Perception of Quadrilaterals: A Human Singularity for Geometry
Résumé
Comment tester, expérimentalement, l’hypothèse d’un langage de la géométrie et sa spécificité à l’espèce humaine ? Une série d’expérience, qui a fait l’objet de la thèse de Mathias Sablé-Meyer, a porté sur la perception des quadrilatères. Nous avons créé un test de recherche d’intrus dans lequel les participants devaient détecter une forme déviante parmi cinq répétitions de la même forme de base. Par exemple, la forme de base pouvait être un rectangle, avec des variations de taille et d’orientation, et la forme déviante le même rectangle avec un coin déplacé. Les résultats ont montré un important effet de régularité géométrique : plus la forme de base possède de régularités géométriques (côtés parallèles, côtés égaux, angles droits ou angles égaux), plus les intrus sont faciles à détecter. Ainsi, les carrés, rectangles, trapèzes ou parallélogrammes, qui possèdent des régularités compressibles, sont beaucoup plus faciles à représenter mentalement que des quadrilatères quelconques qui en sont dépourvus.

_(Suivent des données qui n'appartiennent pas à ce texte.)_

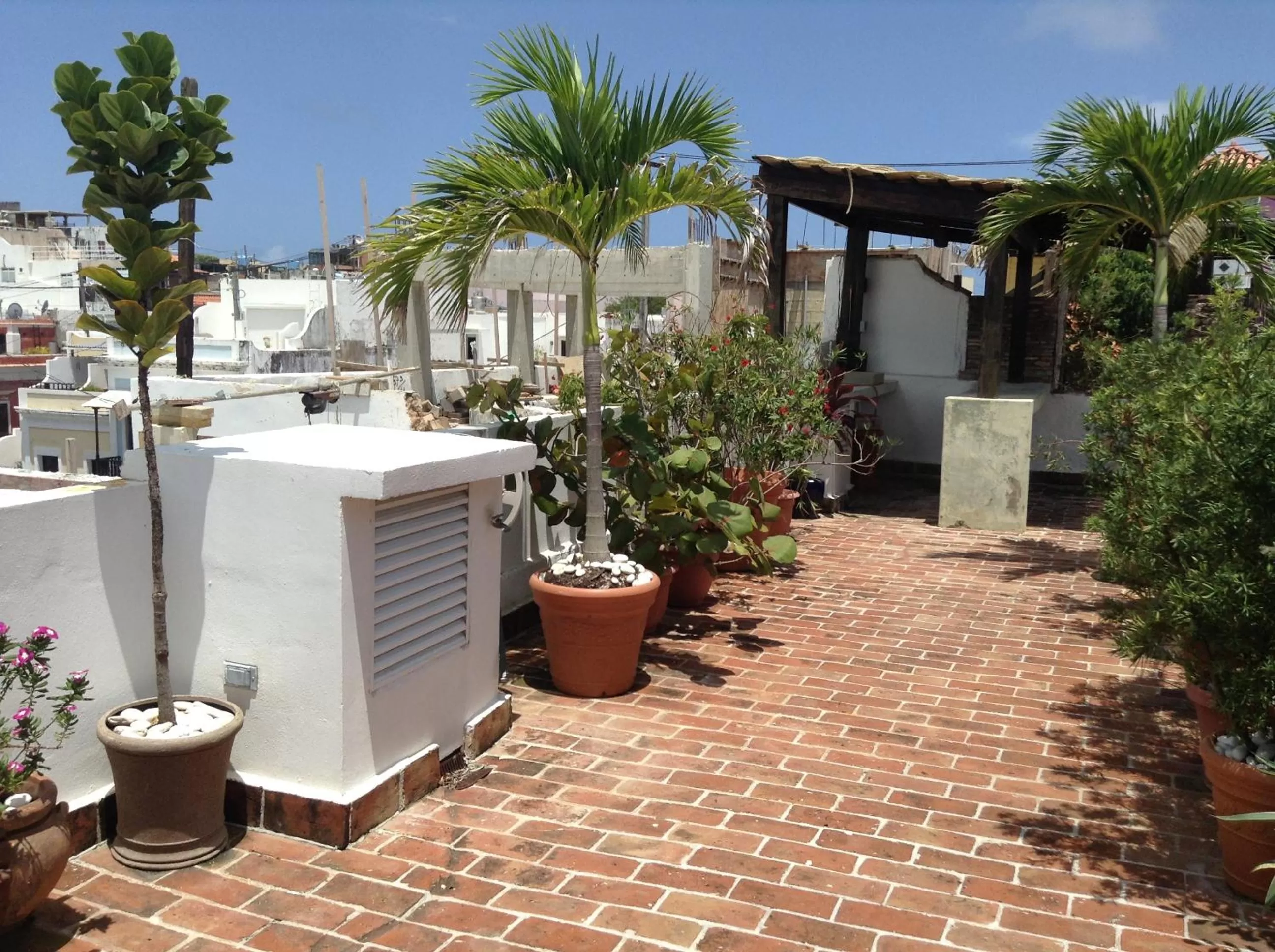 Balcony/Terrace in La Terraza de San Juan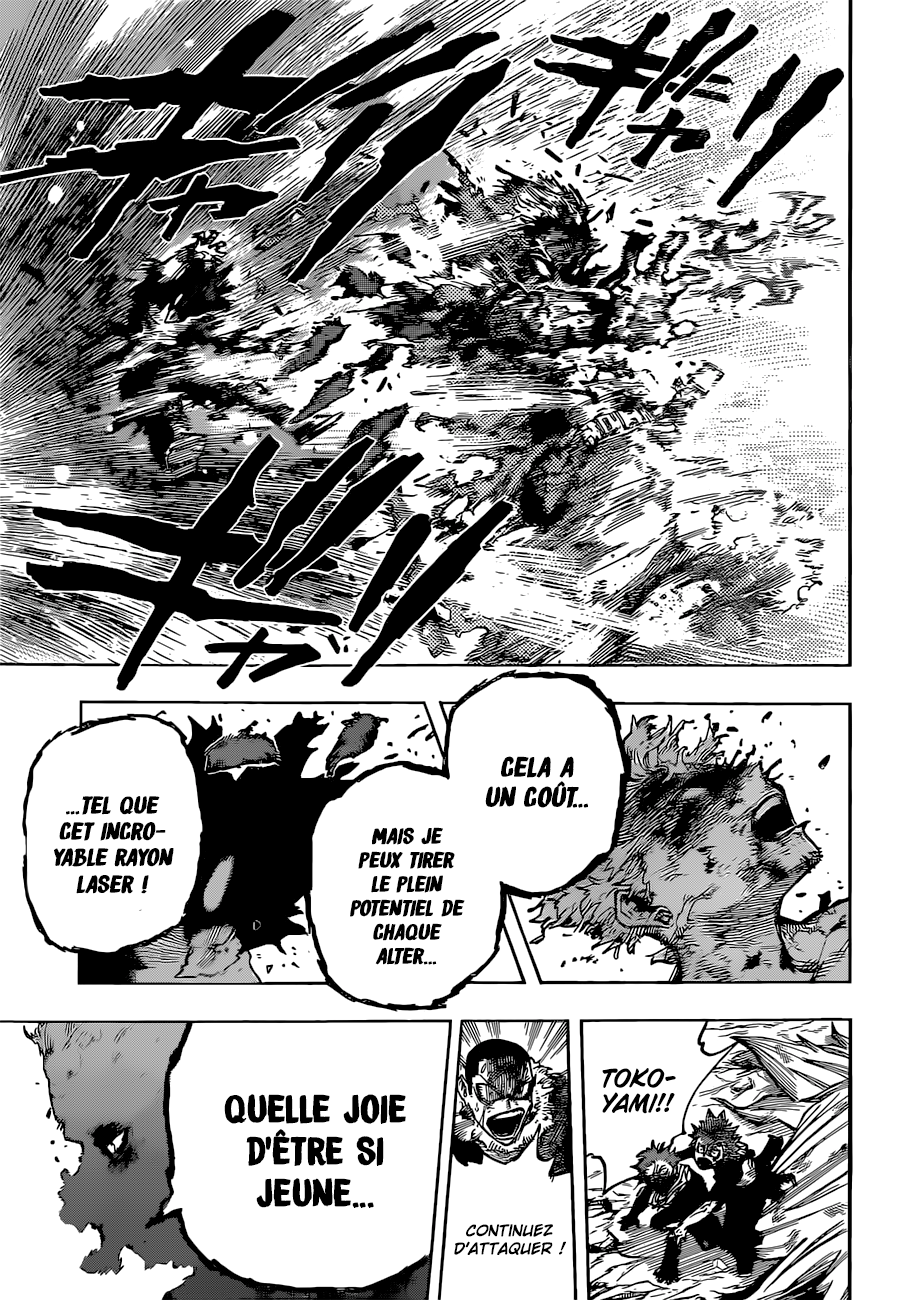 Read My Hero Academia (fr) Manga Online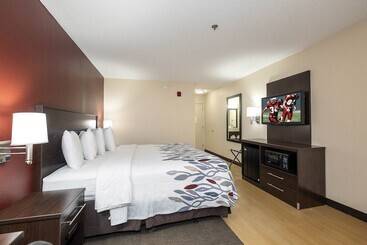 酒店 Red Roof Inn Gaffney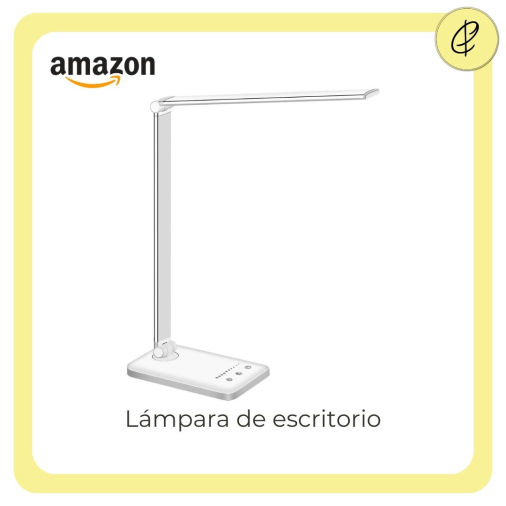 lámpara de escritorio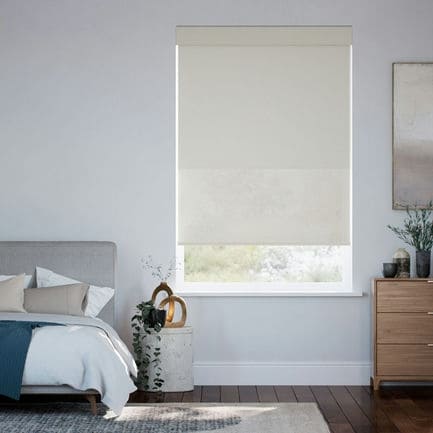 Designer Double Solar/Roller Shades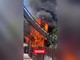 Incendio a Gardaland, il video dell'attrazione 'Raptor' in fiamme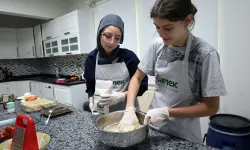 Sakaryalı gençler Büyükşehirle İtalyan mutfağında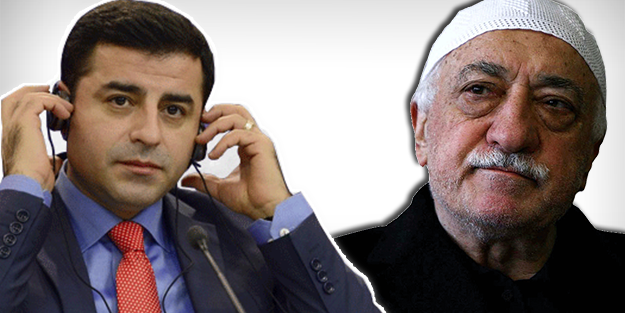 Hocası Selahattin Demirtaş'ı iyi yetiştirmiş!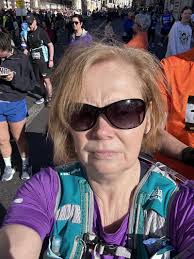 Half marathon completed ✔️ No pb but a steady run in warm weather…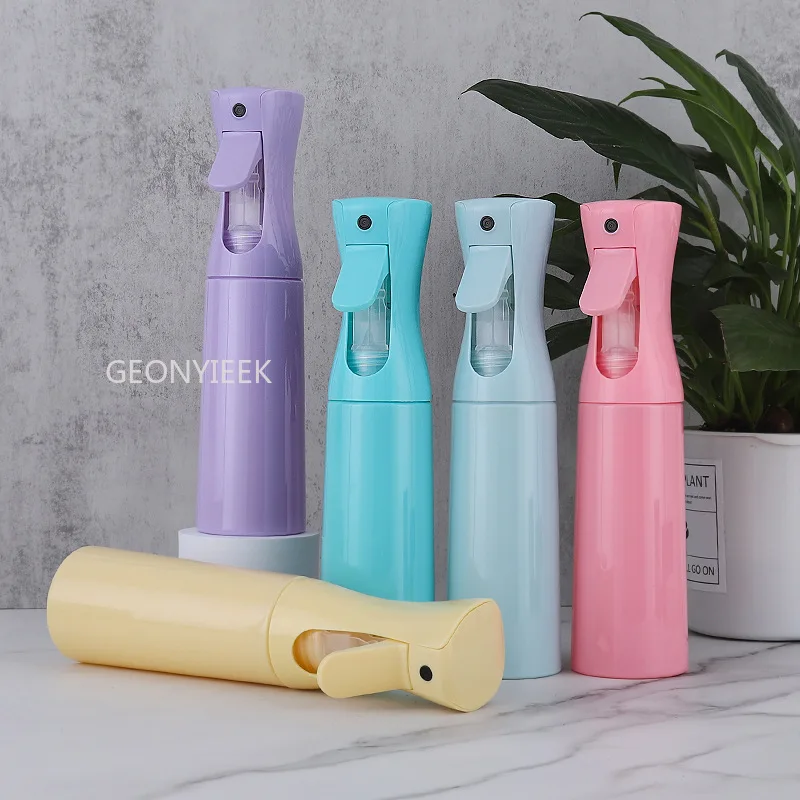 Hairdressing Spray Bottle Hair High Pressure Spray Bottle Continuous Spray Watering Can Hair Stylist Director Automatic 2/300ml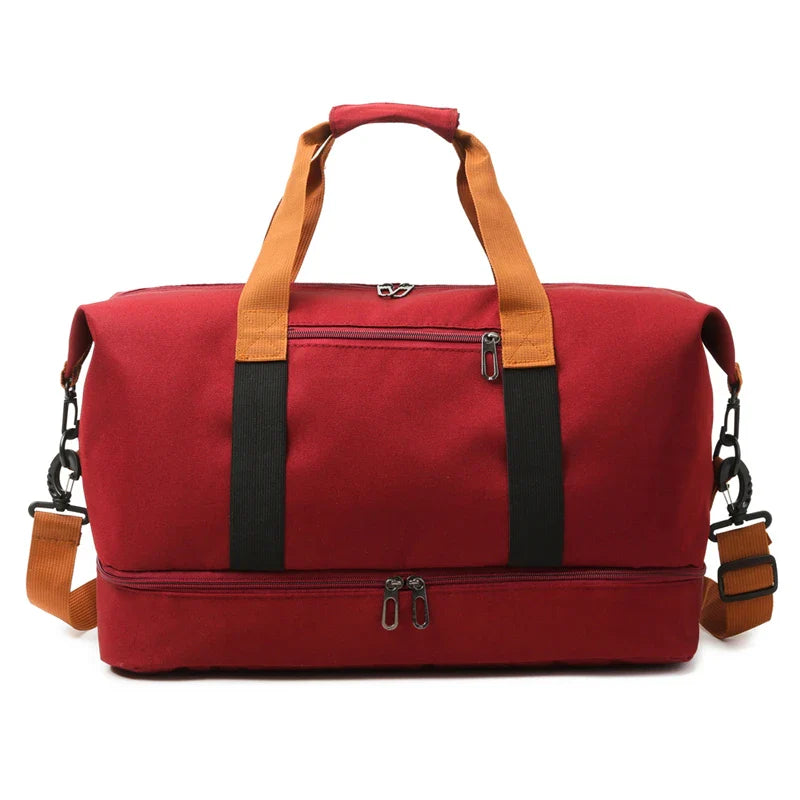 Tavroya ActiveLite | Sporttasche für Alltag & Reise | Ultraleicht mit Schuhfach | Wasserabweisendes Oxford-Material | Unisex & Stylish
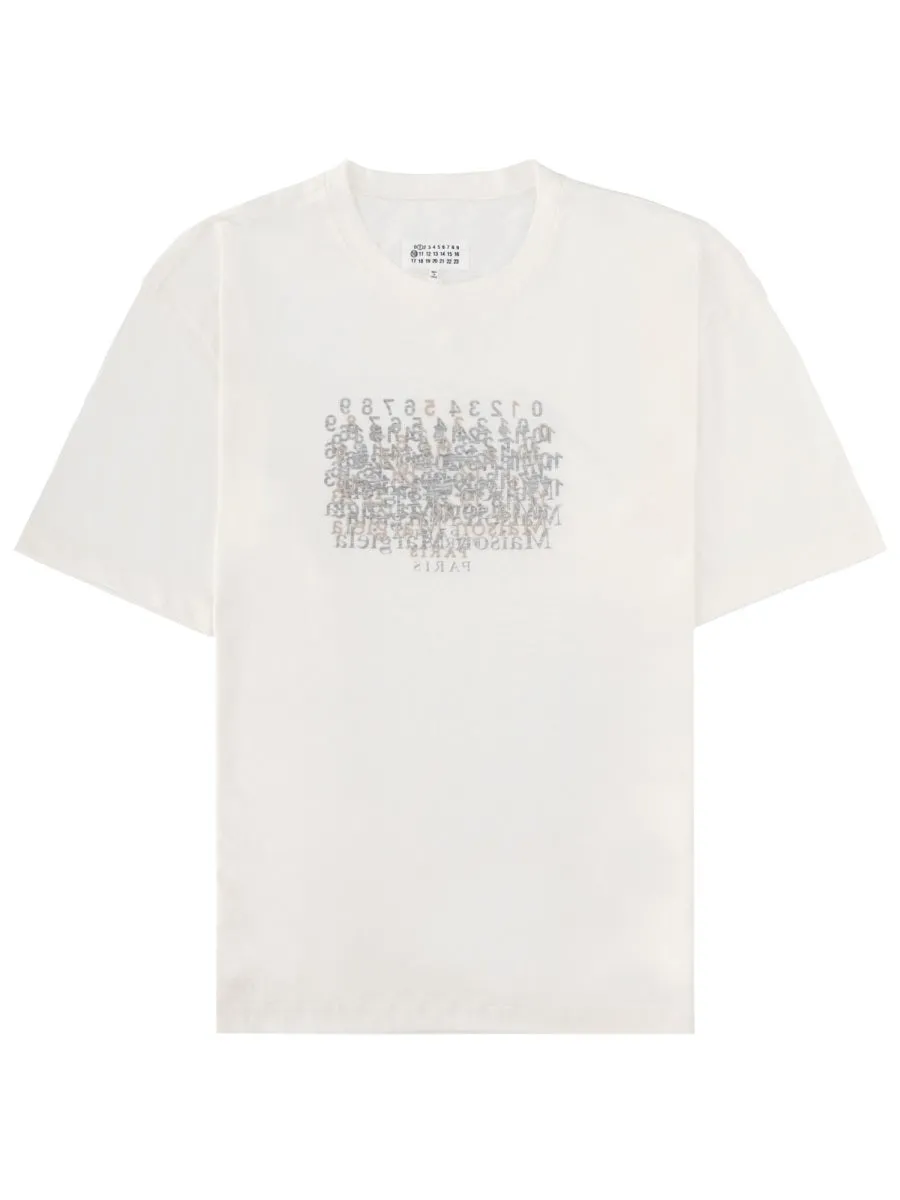 T-Shirt Con Stampa sold by Wanan Luxury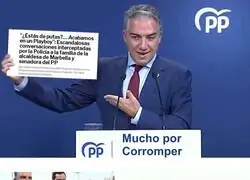 &iquest;Loter&iacute;a? la que le toca al PP todos los d&iacute;as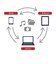 BUFFALO　USB3.2(Gen1)TypeC-A対応USBメモリ 16GB RUF3AC16GGY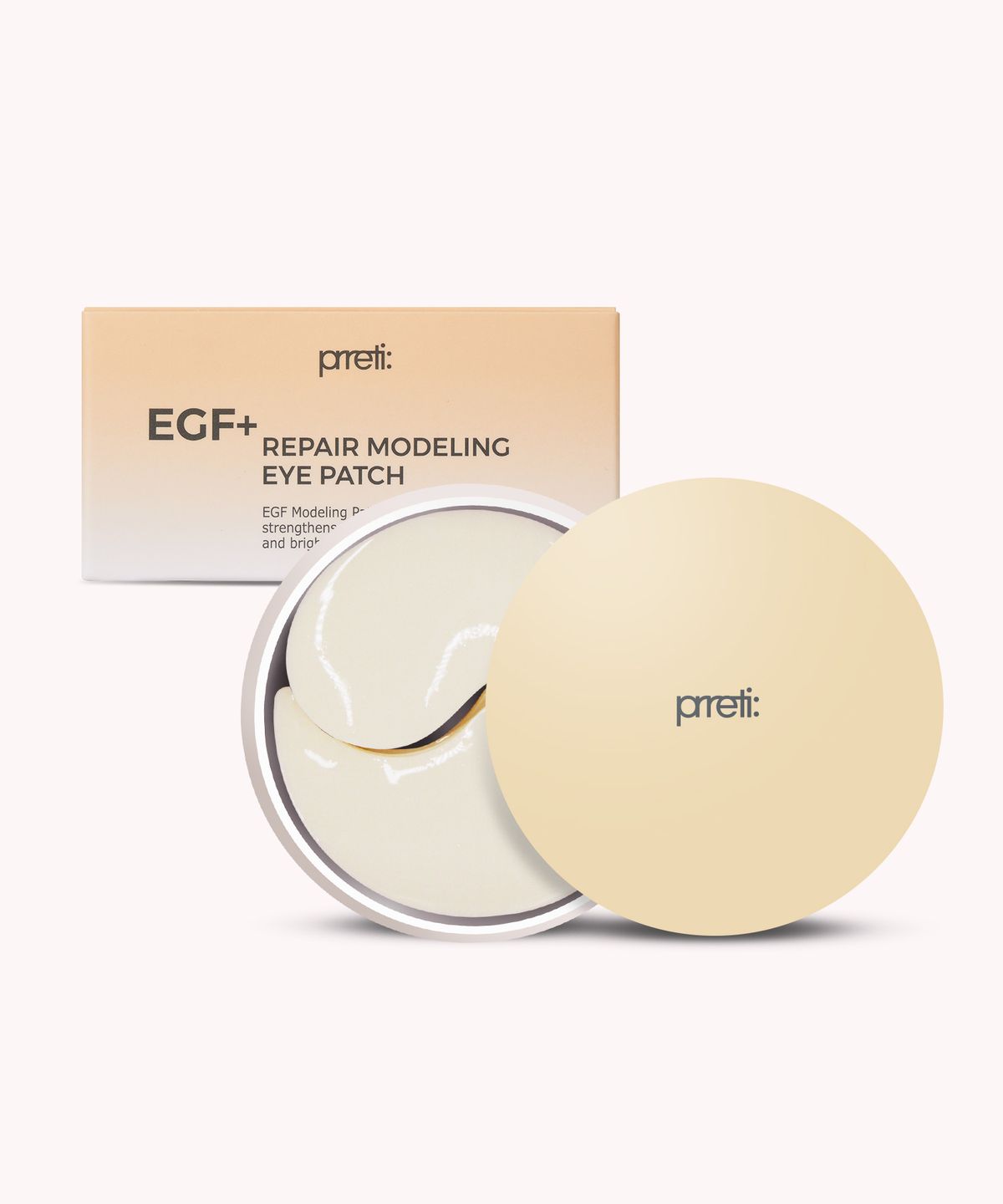 Моделирующие патчи для глаз EGF+ Repair, 52 шт.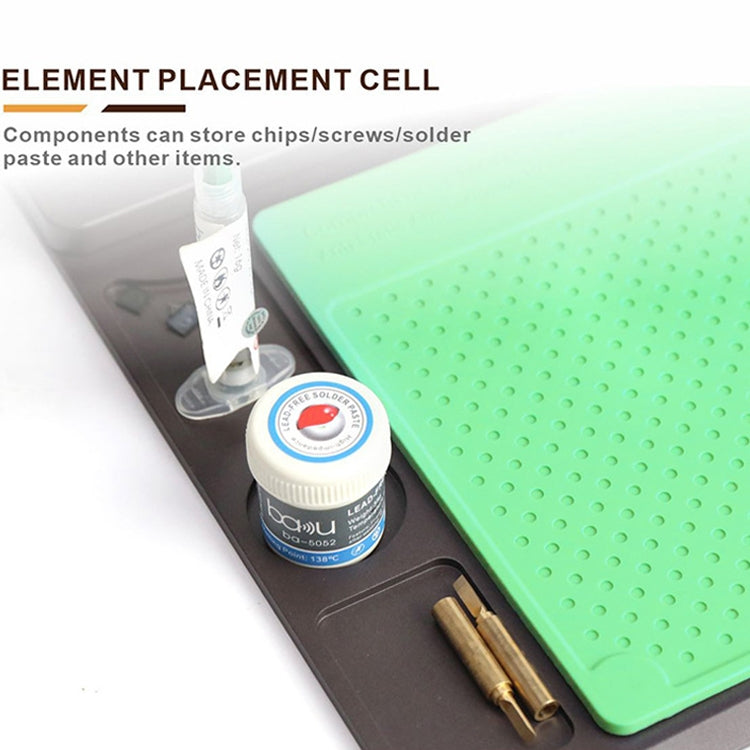 BAKU BA-697 Coussin isolant pour entretien de microscope 2 en 1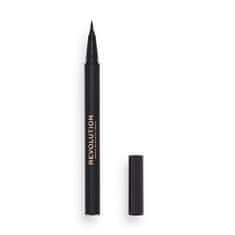 Revolution Svinčnik za obrvi Temno rjava poteza las (Brow Pen) 0,5 ml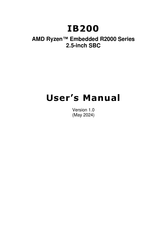 IBASE Technology IB200 User Manual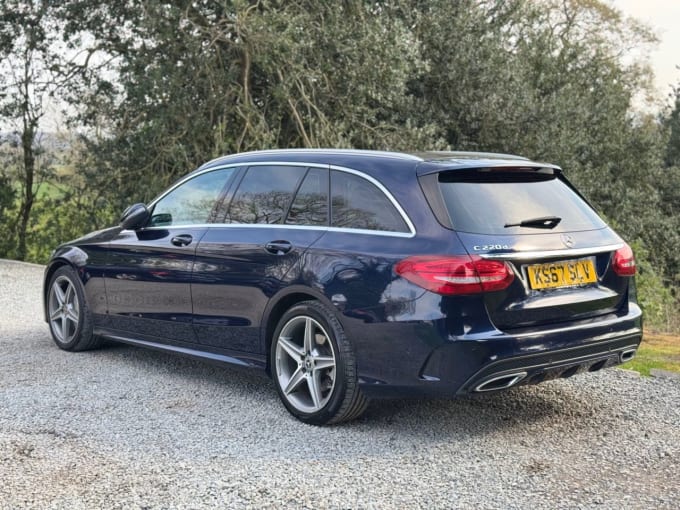 2025 Mercedes-benz C-class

Une série d’expériences, dont certaines non publiées, montrent que (1) cet effet de régularité géométrique est hautement reproductible, y compris chez des enfants d’âge préscolaire et chez des adultes sans éducation ; (2) les primates non humains ne semblent pas capables de comprendre ce type de régularité géométrique ; (3) les réseaux de neurones artificiels à convolution, qui dominent actuellement le domaine de l’intelligence artificielle, modélisent bien les performances des primates non-humains, mais sont incapables d’expliquer cet aspect élémentaire de la perception visuelle humaine, la reconnaissance d’un simple carré ; (4) deux stratégies sont disponibles pour résoudre la tâche de l’intrus géométrique : une stratégie perceptive, disponible chez tous les primates, dans laquelle les formes géométriques sont traitées dans le système visuel ventral comme n’importe quelle image ou n’importe quel visage ; et une stratégie symbolique, apparemment disponible uniquement chez les humains, dans laquelle les formes géométriques sont comprimées en fonction de leurs propriétés géométriques (parallélisme, angles droits, symétries, etc.) ; (5) l’imagerie cérébrale, tant en IRM fonctionnelle qu’en magnéto-encéphalographie (MEG), démontre l’existence de ces deux voies corticales distinctes pour la perception des formes géométriques.
Ainsi, la perception ou le dessin d’un simple rectangle, comme à Lascaux, signale déjà les prémices d’un langage des objets mathématiques, universel et propre à l’espèce humaine.